Re: [RFC PATCH 0/5] Prototype for direct map awareness in page allocator

Mike Rapoport <rppt@xxxxxxxxxx> · Thu, 9 Mar 2023 17:14:40 +0200

On Thu, Mar 09, 2023 at 01:59:00AM +0000, Edgecombe, Rick P wrote:
> On Wed, 2023-03-08 at 11:41 +0200, Mike Rapoport wrote:
> > From: "Mike Rapoport (IBM)" <rppt@xxxxxxxxxx>
> > 
> > Hi,
> > 
> > This is a third attempt to make page allocator aware of the direct
> > map
> > layout and allow grouping of the pages that must be unmapped from
> > the direct map.
> > 
> > This a new implementation of __GFP_UNMAPPED, kinda a follow up for
> > this set:
> > 
> > https://lore.kernel.org/all/20220127085608.306306-1-rppt@xxxxxxxxxx
> > 
> > but instead of using a migrate type to cache the unmapped pages, the
> > current implementation adds a dedicated cache to serve __GFP_UNMAPPED
> > allocations.
> 
> It seems a downside to having a page allocator outside of _the_ page
> allocator is you don't get all of the features that are baked in there.
> For example does secretmem care about numa? I guess in this
> implementation there is just one big cache for all nodes.
> 
> Probably most users would want __GFP_ZERO. Would secretmem care about
> __GFP_ACCOUNT?

The intention was that the pages in cache are always zeroed, so __GFP_ZERO
is always implicitly there, at least should have been.
__GFP_ACCOUNT is respected in this implementation.
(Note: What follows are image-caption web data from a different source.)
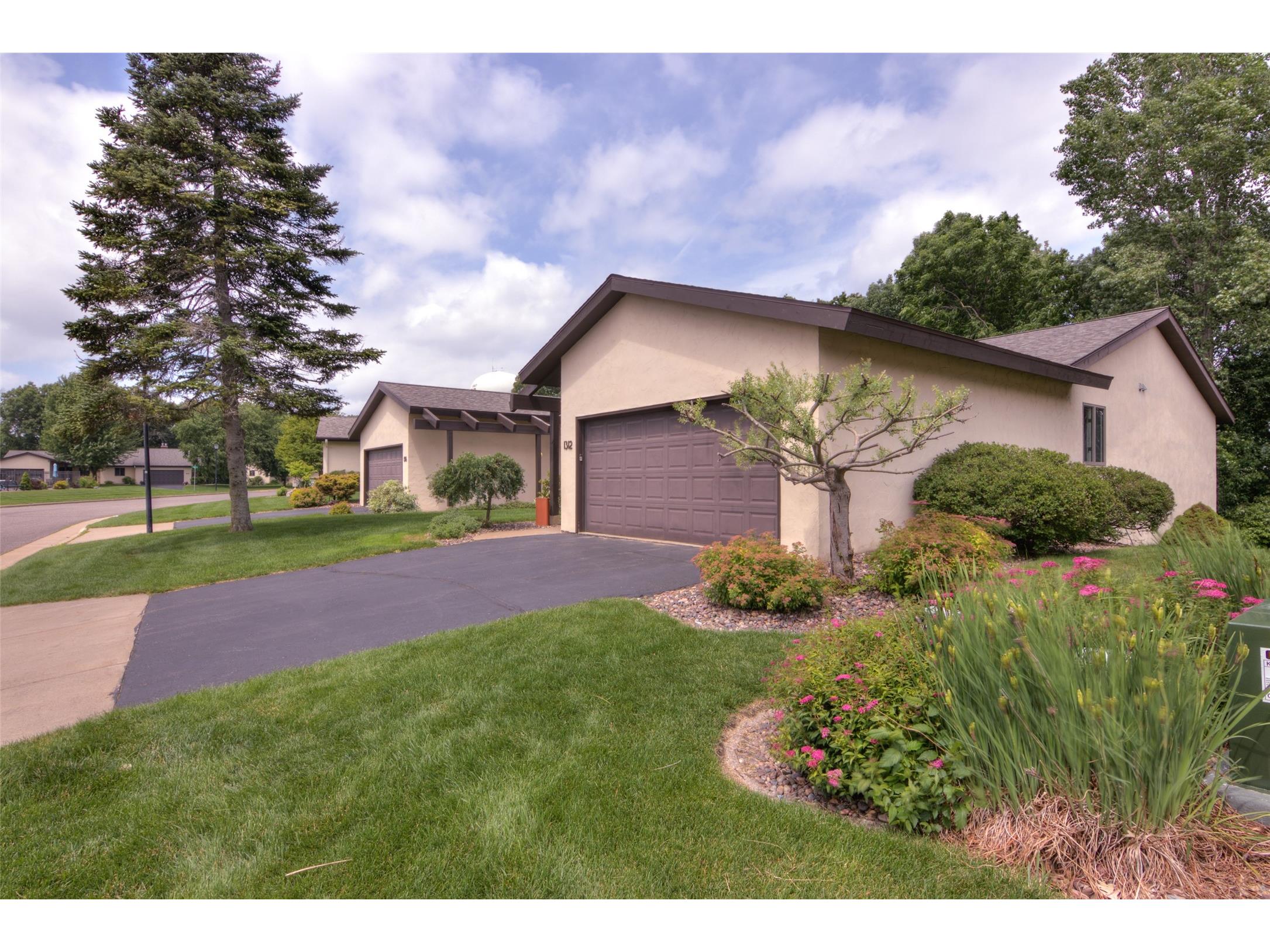 1312 Knollwood Trail Altoona WI 54720 1602773 image46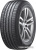 Hankook Ventus S1 evo2 SUV K117A 315/35R20 110Y Hankook Ventus S1 evo2 SUV K117A 315/35R20 110Y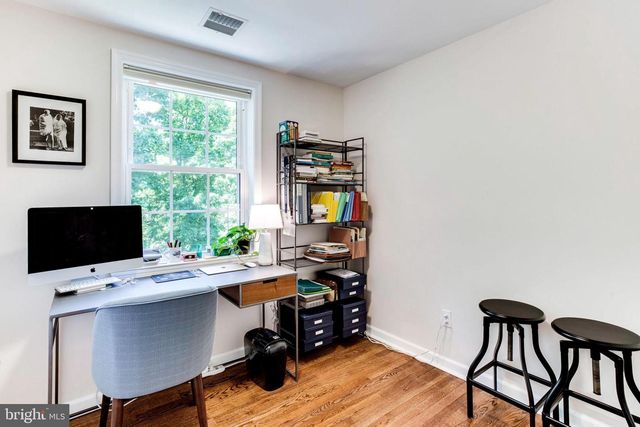 258 BURGESS AVE, Alexandria, VA 22305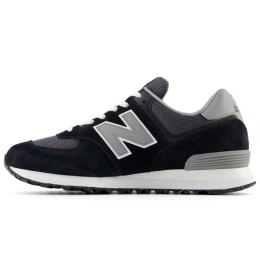 New Balance Buty New Balance sportowe U574TWE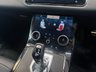 USED 2022 22 LAND ROVER RANGE ROVER EVOQUE 1.5 P300e 12.2kWh R-Dynamic S SUV 5dr Petrol Plug-in Hybrid Auto 4WD Euro 6 (s/s) (309 ps) 1 OWNER, 2 KEYS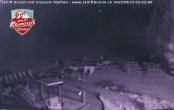 Archiv Foto Webcam Panorama Mythen 03:00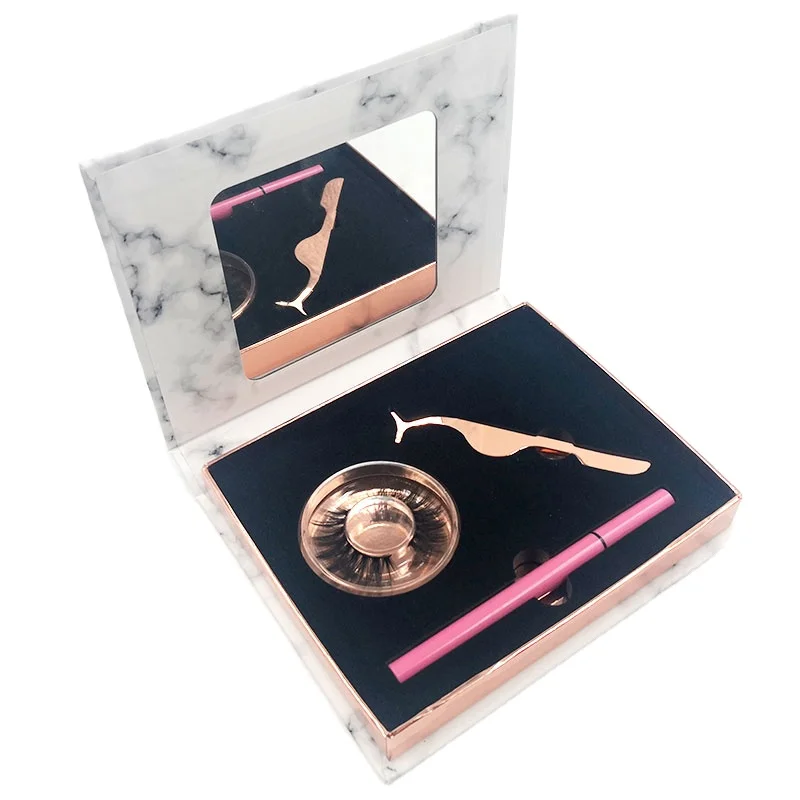 Professional manufacture cheap wholesale eyelash vendor tresluce mini suitcase 
Professional manufacture cheap wholesale eyelash vendor tresluce mini suitcase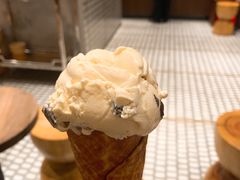 -Luneurs(幸福里店)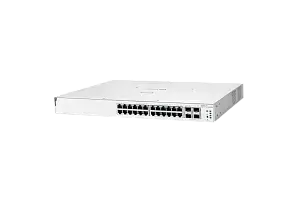 HPE Networking Instant On 1930 24G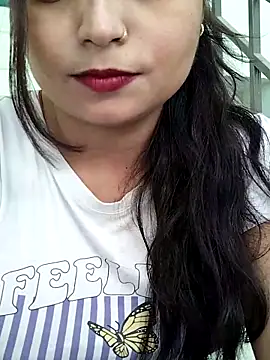 Missridhi online show from June 16, 11:46 am
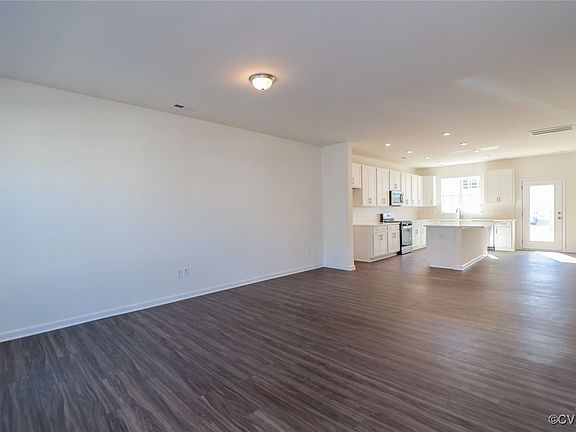 3rd image of 6112 Belay Dr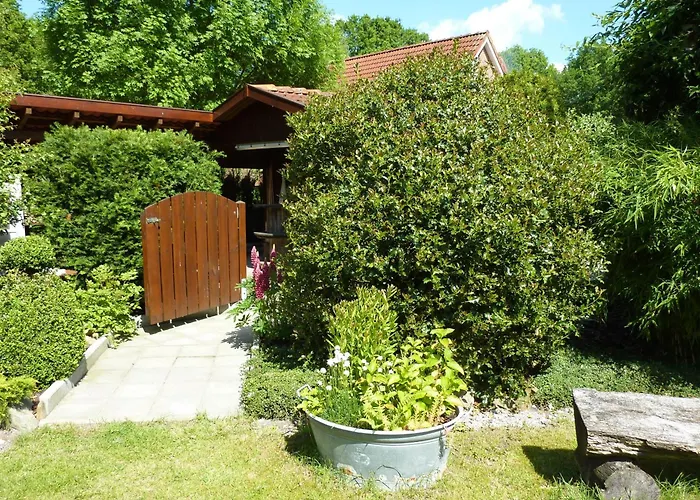 Kroeger-scholz Ueber 2 Etagen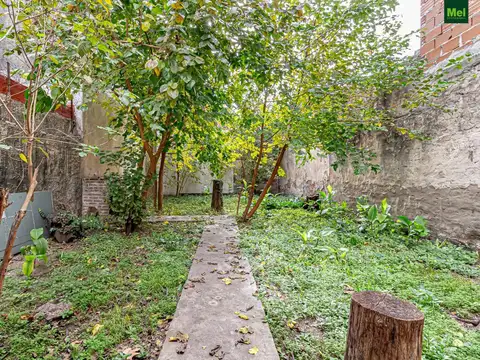 Local en Alquiler en Villa Urquiza, CABA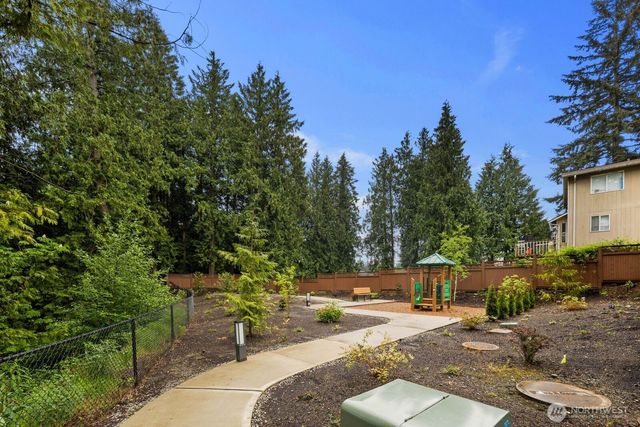 1804 25th Street, Snohomish, WA 98290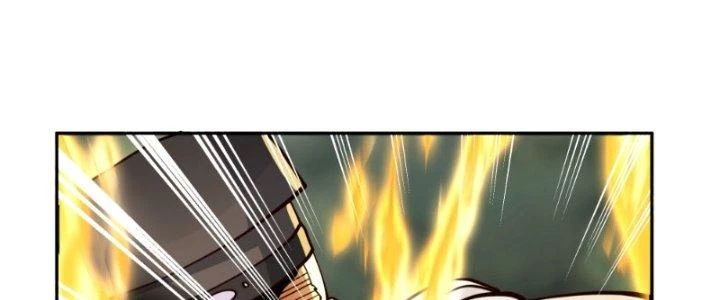 Ta Diệt Sát Chúng Thần Chapter 47 - Trang 3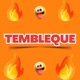 Tembleque Single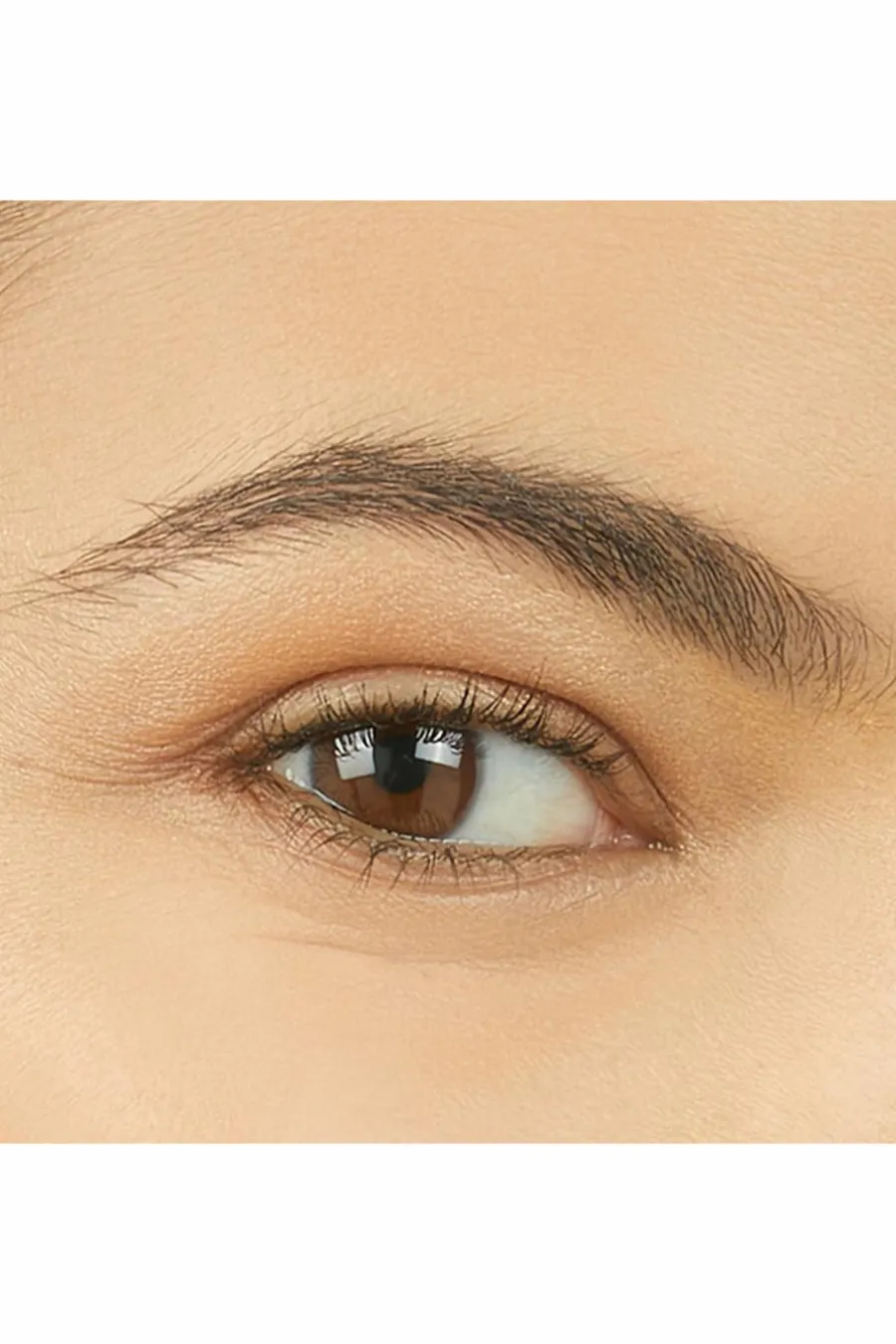 Online Crayon à sourcils Shape me! Crayon & Poudre Sourcils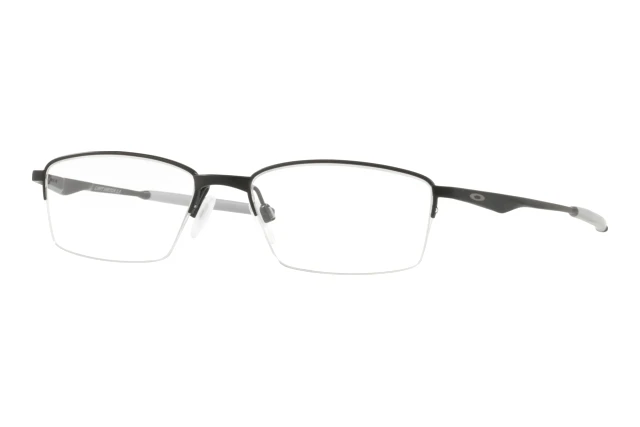 メガネ・老眼鏡 OAKLEY LIMIT SWITCH 0.5 OX5119-0352 Oakley LIMIT SWITCH 0.5 OX 5119 511901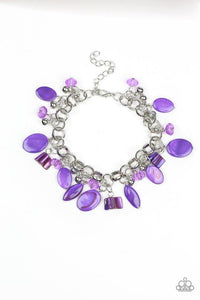 seashore-sailing-purple-bracelet-paparazzi-accessories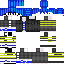 Texture for Pierre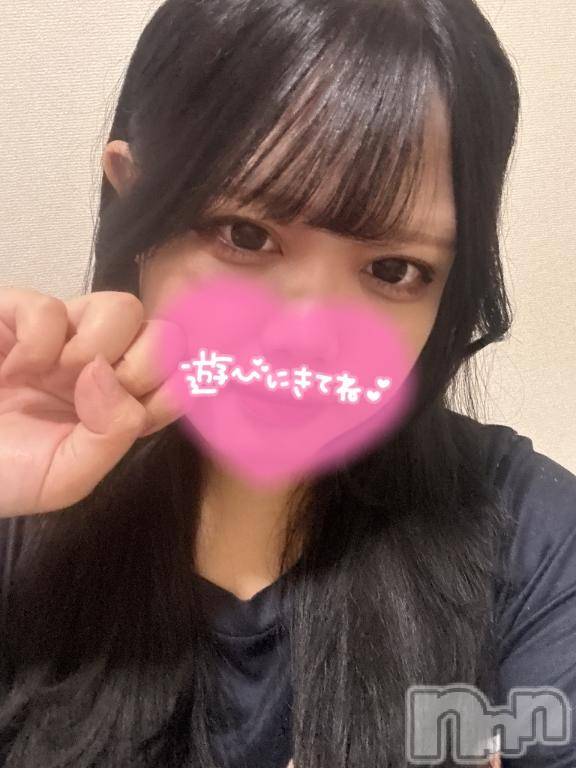 長岡デリヘル奥様特急 長岡店(オクサマトッキュウナガオカテン)えりか(20)の2025年10月19日写メブログ「【出勤】昨日はありがとう～❣️」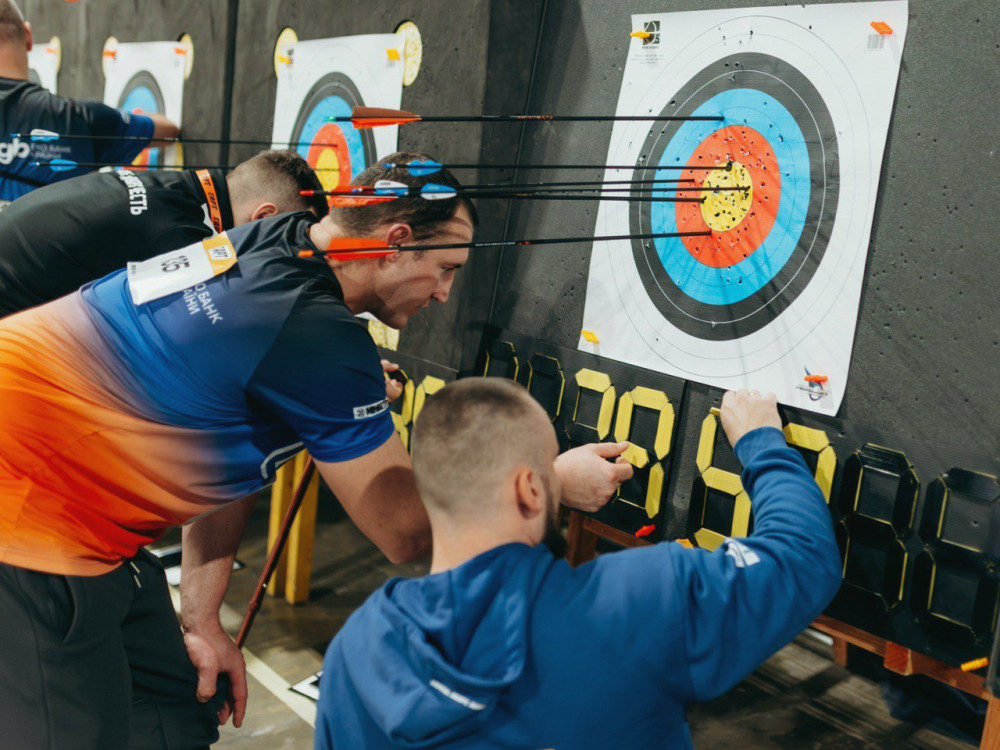 9938 image for slide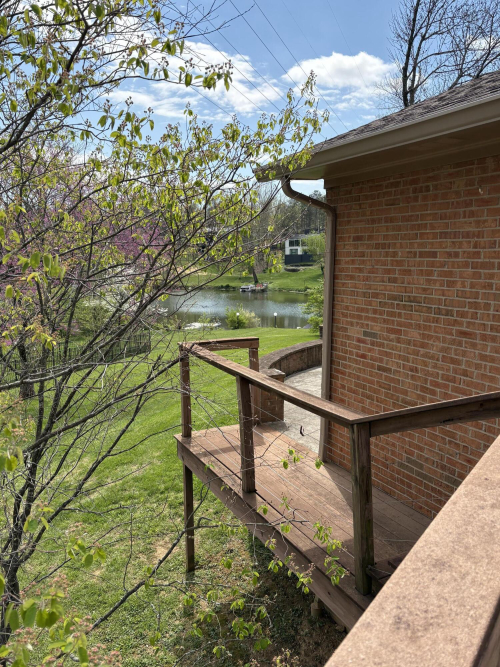 Listing Image 83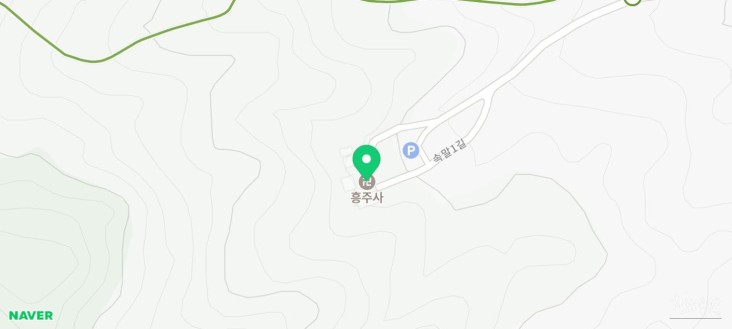 희망찬 내일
If you look at the
changes to __alloc_pages(), after getting pages from unmapped cache there
is 'goto out' to the point where the accounting is handled.

> I'm sure there is more, but I guess the question is, is
> the idea that these features all get built into unmapped-alloc at some
> point? The alternate approach is to have little caches for each usage
> like the grouped pages, which is probably less efficient when you have
> a bunch of them. Or solve it just for modules like the bpf allocator.
> Those are the tradeoffs for the approaches that have been explored,
> right?

I think that no matter what cache we'll use it won't be able to support all
features _the_ page allocator has. Indeed if we'd have per case cache
implementation we can tune that implementation to support features of
interest for that use case, but then we'll be less efficient in reducing
splits of the large pages. Not to mention increase in complexity as there
will be several caches doing similar but yet different things.

This POC mostly targets secretmem and modules, so this was pretty much
about GFP_KERNEL without considerations for NUMA, but I think extending
this unmapped alloc for NUMA should be simple enough but it will increase
memory overhead even more.

-- 
Sincerely yours,
Mike.